Have Red Bull engineered their car so far towards Max Verstappen that no other driver could make it competitive? – David

To the first clause of this question, the Red Bull engineers would say no. But the real answer is, ‘no but, yes, kind of’.

Red Bull would say that they don’t engineer the car to favour Verstappen; they design the fastest car they can, and then develop it in a direction that, from the experience of racing it, suggests where it can be improved.

However, it’s inevitable that if one driver is demonstrably, consistently faster than the other, any team is likely to give more weight to their feedback than to his team-mate’s.

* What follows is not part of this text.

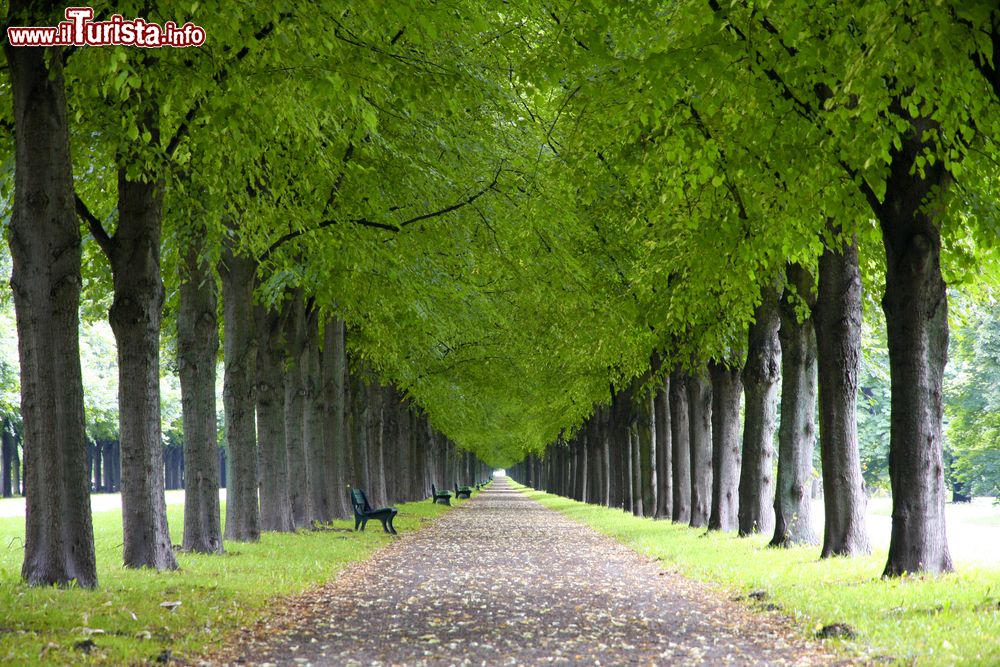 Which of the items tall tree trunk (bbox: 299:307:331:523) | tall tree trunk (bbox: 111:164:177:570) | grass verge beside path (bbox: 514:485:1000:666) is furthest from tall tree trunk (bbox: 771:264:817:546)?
tall tree trunk (bbox: 299:307:331:523)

So, if Verstappen feels he can go faster if the car has a more responsive front – which he usually does – they’re more likely to develop it so it has more front downforce and grip than if his team-mate was saying that he wanted more rear stability, for example.

Alex Albon would say this was the situation in which he ended up when he was Verstappen’s team-mate in 2020 – Albon likened the steering response of the Red Bull to a computer games controller turned up to maximum sensitivity.

But that’s a general answer. Specifically, this year, that is not what Red Bull’s problem has been.

The issue for them has been that the car’s balance has not been “connected”, as drivers put it these days – ie the front and rear behave differently, sometimes from corner to corner, sometimes within a single corner. Aston Martin have had a similar problem.

This makes the car very difficult to drive. And in that situation – in any situation, frankly – a great driver such as Verstappen is always going to adapt better than a merely good one, such as Sergio Perez.

The second part of the question is whether any other driver would be able to handle this situation better.

It’s a pretty safe bet to say that the very best – Lewis Hamilton, Charles Leclerc, George Russell, Lando Norris, Fernando Alonso – definitely would.

Would that extend to Liam Lawson or Yuki Tsunoda, the two drivers Red Bull are considering to replace Perez in 2025?

Well, as things stand, it looks like we’re going to find out, and that Lawson will be the latest experiment.

Why does bad driving (a collision) that severely disenables another car never result in disqualification? – Graham

Because it’s generally not considered a serious enough offence for that punishment.

Drivers can be disqualified, but it tends to happen only for the most egregious flouting of the rules, or ignoring of officials’ orders.

A simple error in a racing situation – even if it’s a particularly clumsy one, as a couple were in Abu Dhabi on Sunday – does not meet the threshold.